さて、新聞やテレビは毎日のように企業の不祥事を取り上げ、主(あるじ)は変われど次から次へと新たなネタが出てくる。 きっかけは、関係省庁の調査とされているが、そもそもの情報は、SNSでの情報がきっかけになっていると推測できる。 過去にも、飲食関係でアルバイトの悪ふざけや不正が、SNSに投稿された事件があった。
「何事も、綺麗ごとだけでは済まされない」とは、社会人になって、ある程度経験を積んだ先輩からの説教として聞かされる文句だが、SNSは、そのような闇を表沙汰にすることで、その業界、企業にはびこる悪しき慣習を是正する役割を果たしつつある。 ただ、一方で、長年、それが慣習化していたにも関わらず、それが原因となる強度不足その他の不都合がなかったとすれば、そもそものルールが無意味で、遵守する意識が希薄化したとも受け取れる。 従って、実情に即したルールの見直しも求められる。 いずれにせよ、こういう問題が表面化するのは、社会が正常化している証拠であり、ニュースを観るのを煩わしく思う反面、是正されるのは佳としたい。
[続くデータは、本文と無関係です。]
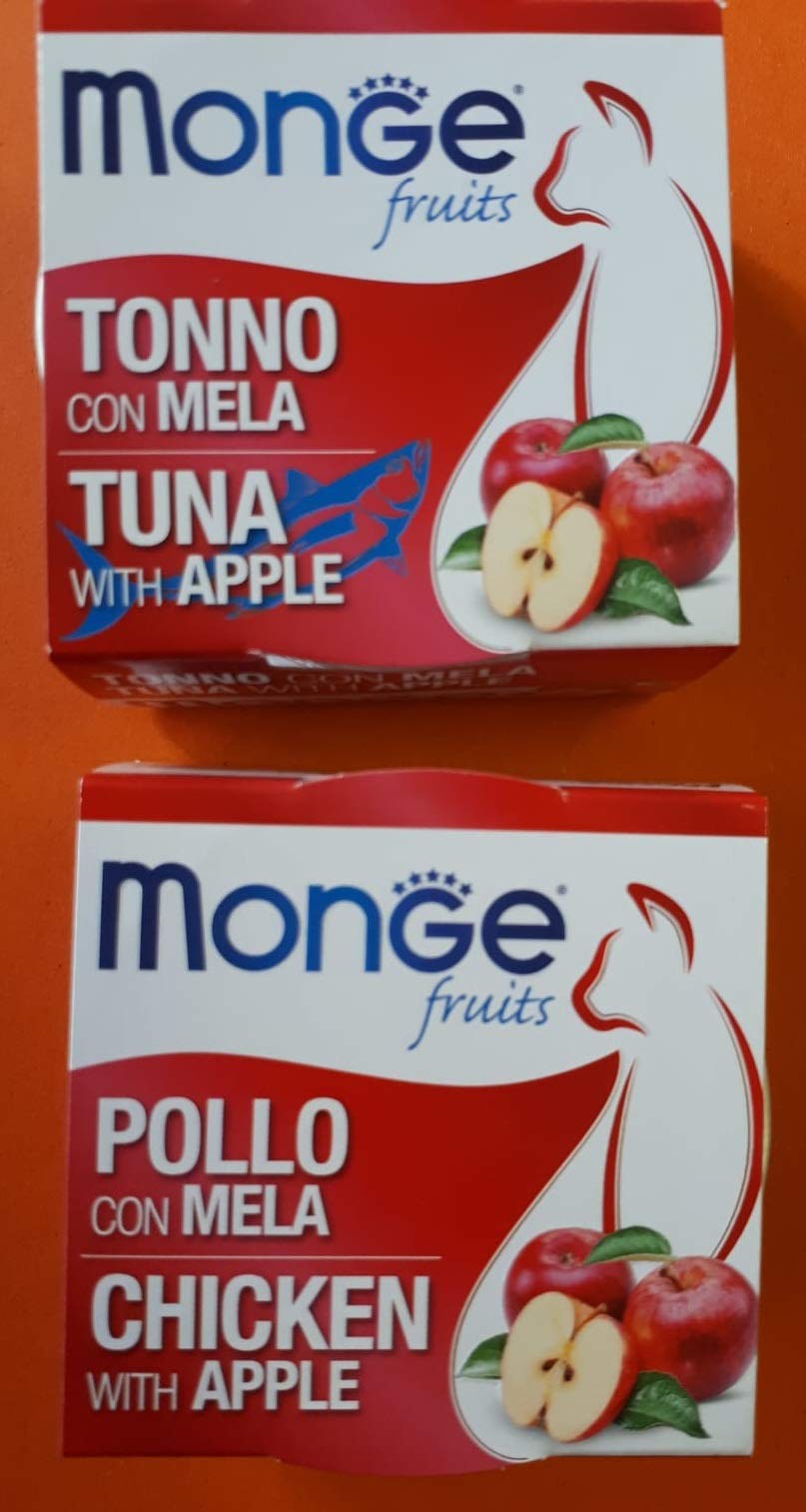Monge 50 Pueden Pollo O ATÚN con Frutas para Gatos 80 GR
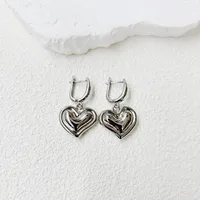 1 Paire Ovale Coeur Rouge Élégant Princesse Mignon Le Cuivre Plaqué Or 18K Placage Boucles D'oreilles main image 4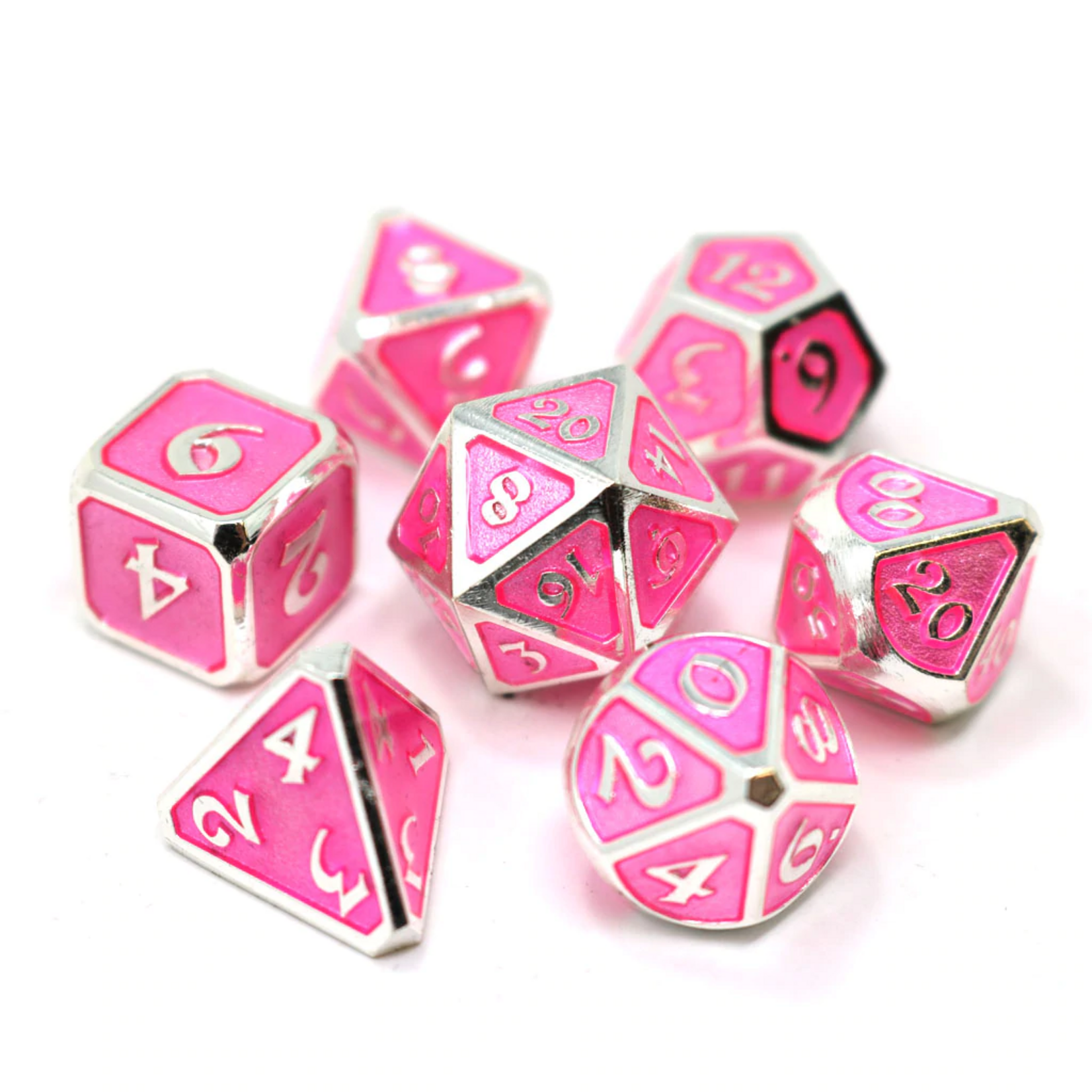 Die Hard Dice Die Hard Mythica Pink Sapphire with Platinum Metal Polyhedral 7 die set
私は、子供の頃から、言っていい事と悪い事の区別ができないと母に叱られた。 例えば、親戚の家を訪ねた時、家が臭かったので「この家臭い」と言ったことを叱られた。 確かに「臭い」と言われれば、気分を害する。 しかし、放っておけば、訪問者は同様に感じる訳で、私が、逆の立場であれば、子供に感謝する。 正に「裸の王様」だ。
日本人は特に、人間関係に波風を立てないように気を遣う。 「それが、所謂、処世術である」と、先輩は知ったか振りをする。 贈り物も「つまらないものですが」と言うよりも「今SNSで人気の〇〇です」と、情報を添えて説明した方が有り難く感じるように思う。 実際、頂いたものをスマホで検索して価格を調べる主婦が多いと聞く。
UV-LEDによる殺菌、消臭、捕虫機能をLEDピュアと命名した。 ピュアは「純粋」という意味だが、その裏には、性能、効果に疑問を感じる製品が溢れていることに対する皮肉もある。 弊社は、LEDピュアを販売するにあたり、量販店にリベートを払ったり、担当者の接待といったことも含めて、一切、利益供与しない。 本当に製品を必要としておられる方が、製品の性能、効果を気に入ってくださって売れる分だけで十分と考えている。
また、製品の利幅を薄くして、消費者が安く手に入れられる様にしているので、家電量販店に卸せるような価格設定になっていない。 それで商売が成り立つのか? 企業としてはLEDピュアが売れなくても、UV-LEDの販売で成り立っている。
情報が氾濫する時代、何事に於いても道標となるのは、「正直」ということではないか?